Of course, the Walton crusade to the end the estate tax didn't just start last year. As USA Today reported back in 2005:

Led by Sam Walton's only daughter, Alice, the family spent $3.2 million on lobbying, conservative causes and candidates for last year's federal elections. That's more than double what it spent in the previous two elections combined, public documents show.

The Waltons have joined a coterie of wealthy families trying to save fortunes through permanent repeal of the estate tax, government watchdogs say. The election of President Bush and more conservatives to Congress gave momentum to the long-fought effort. The Waltons add more.

As the Arkansas Times pointed out, the 2010 reduction in the estate tax, if made permanent, would ensure that Sam Walton's clan will keep billions out of the hands of Uncle Sam:

Please note that the cut in the top estate tax, from 45 to 35 percent, will be worth a cool $9 billion at current values to just the top five Walton estates. 9 BILLION. Who'll pay for that lost revenue (not just from Waltons but Kochs, etc.) over the years? The working schlubs, that's who.

Thanks in part to the efforts of the "Senator from Walmart," Blanche Lincoln, President Obama's concession in December 2010 gave the Waltons won a huge victory.
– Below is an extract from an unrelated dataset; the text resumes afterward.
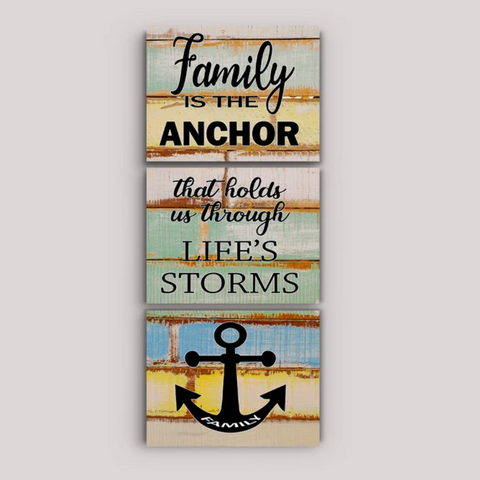 Family is the Anchor Sign - a great wall decor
If they get their way, it won't be their last.

That goes double for Meg Whitman, the former eBay CEO who now heads up HP. Last month, Whitman joined hotel billionaires Richard and J.W. Marriott in pumping hundreds of thousands of dollars into Mitt Romney's SuperPAC. Of course, Whitman's $100,000 donation is a drop in the bucket compared to the $140 million she spent on her failed 2010 California gubernatorial campaign. But as many observers noted at the time, Whitman's big gamble on ending the capital gains tax offered the promise of a much larger payday. The Los Angeles Times' Michael Hiltzik noted that ending the capital gains tax would cost California up to $10 billion in revenue annually even as it would put tens of millions of dollars directly into Meg Whitman's pocketbook.
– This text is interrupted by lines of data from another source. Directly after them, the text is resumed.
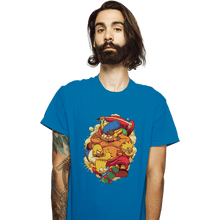 Load image into Gallery viewer, Shirts T-Shirts, Unisex / Small / Sapphire The Arcade Family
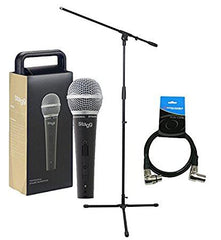 Stagg SDM50 Heavy Duty Dynamic Handheld Mic inc. Stand & Cable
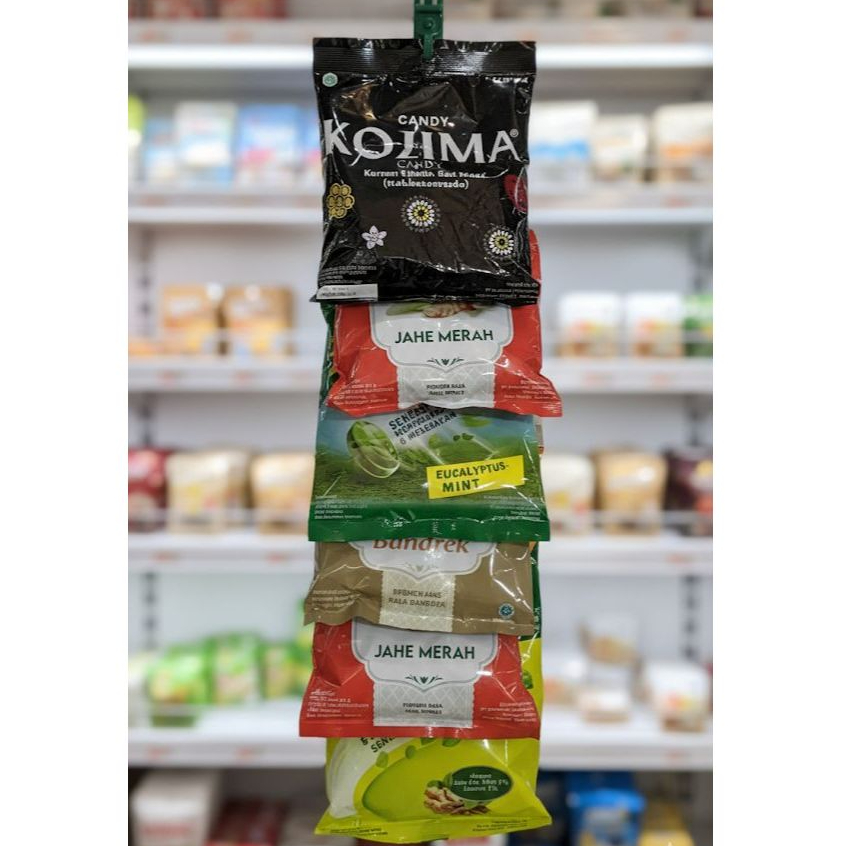 Clip Strip Display Makanan / Display Snack / Snack Plastic Clip Strip/Strip Gantung Plastik Toko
Meg Whitman, the billionaire former chief executive of EBay, proposes to eliminate the state tax on capital gains. That tax, like the state tax on all other income, tops out at 10.3% for income exceeding $1 million.

The Whitman campaign refused to tell me this week what percentage of Whitman's income derives from capital gains (which can be defined as profits on stock, bond, real estate and other such investments). Whitman has thus far refused to make public her tax returns, which might hold a clue...Capital gains might even represent the majority of her income in some years.

As Chris Kelly of the Huffington Post aptly put it, "Meg Whitman's Tax Plan: She Stops Paying Hers."

It's worth noting that Mitt Romney, Wall Street's favorite for 2012, will also benefit from the elimination of the estate tax, just not on as grand a scale. The heirs of the 250 Million Dollar Man could reap an $84,000,000 windfall, more than enough to offset the $45 million of his own money Mitt Romney blew in his failed 2008 presidential campaign.

It's worth pointing out that America's rich and famous won't be paying the full estate tax anyway. After all, Mitt Romney has apparently succeeded in setting up a $100 million trust fund for his sons, tax-free. As President George W. Bush put it in rejecting calls to raise taxes on the wealthy duiring his 2004 reelection campaign:

"The really rich people figure out how to dodge taxes anyway."

But the bagmen and women of the Republican Party have had enough of playing dodgeball with Uncle Sam. The SuperPAC-Men are playing a deadly serious game of winner-take-all politics. And they are literally playing for keeps.